He did not regret having taken the gamble. It was better to be free and pursued than imprisoned with a gigantic insect in total darkness. The memory made his flesh crawl. It had never completely stopped crawling, but even a limited freedom of movement, a freedom that could end at any moment, was better than the feeling that you were hideously trapped and had no chance of keeping terror at arm's length. There was no chance at all if you waited in blind panic with the deadliness drawing closer, relentlessly closing in.
Any action was better than the paralysis of inertia, the helplessness which panic could bring about. Any action. He must keep remembering that. Must force himself to remember, keep all of his thoughts centered on the one aspect of the struggle that was vital when survival became the sole prize to be won, the only issue immediately at stake.

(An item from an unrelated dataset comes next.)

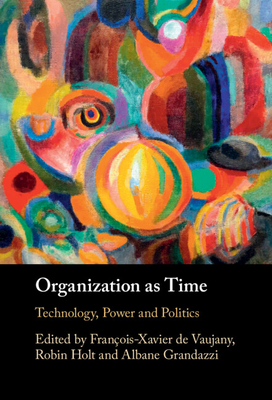 Organization as Time: Technology, Power and Politics - de Vaujany, Franois-Xavier (Editor), and Holt, Robin (Editor), and Grandazzi, Albane (Editor)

He looked at Janice and nodded, sensing the need for continued haste. They headed straight for the nearest building, with no exchange of words now, for they were both too sharply aware of the danger to experience a need to talk further about it or even to pause for breath.
TEN
It was hard for Loring to realize that they had reached the building so fast, harder still to accept the fact that they were almost inside of it. The high portals arched above them, glimmering in the radiance, and their shadows were flickering on both sides of the entrance-way before he remembered that he had at first decided it would be wiser to bypass the structure—to circle around it and keep on fleeing.

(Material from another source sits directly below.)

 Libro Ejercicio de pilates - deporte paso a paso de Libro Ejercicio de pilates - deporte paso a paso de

Fortunately he had looked back and changed his decision without conscious deliberation, so instinctively that the wisdom of it did not dawn on him until he was less than forty feet from the base of the building. The quick, backward glance had shown him the pursuing insect clearly, etched sharply against the glow, and its terrifying nearness had made him change his mind almost automatically, with a nightmarelike absence of any clear-cut reasoning process.

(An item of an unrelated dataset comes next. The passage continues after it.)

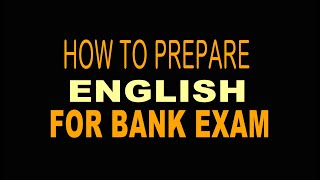 HOW TO PREPARE ENGLISH FOR BANK EXAMS (2020) IN MALAYALAM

Only now did he realize that the human mind cannot think or will anything, dreaming or awake, in a completely purposeless way. And he had certainly not been dreaming. The creature was so near, so close on their heels, that they could not hope to outdistance it by running.
The building, then, was their only refuge. Into an imprisoning darkness again, but darkness was better than a hopeless attempt to escape pursuit in the open.
Darkness? How could they be sure? This building might be lighted, as bright within as without. And what could be worse, if you were trapped, with all escape cut off, than a blinding burst of illumination?
It could be far worse than any darkness. You staggered and fell, and the light burned through your eyelids into your brain, no matter how tight you tried to shut your eyes.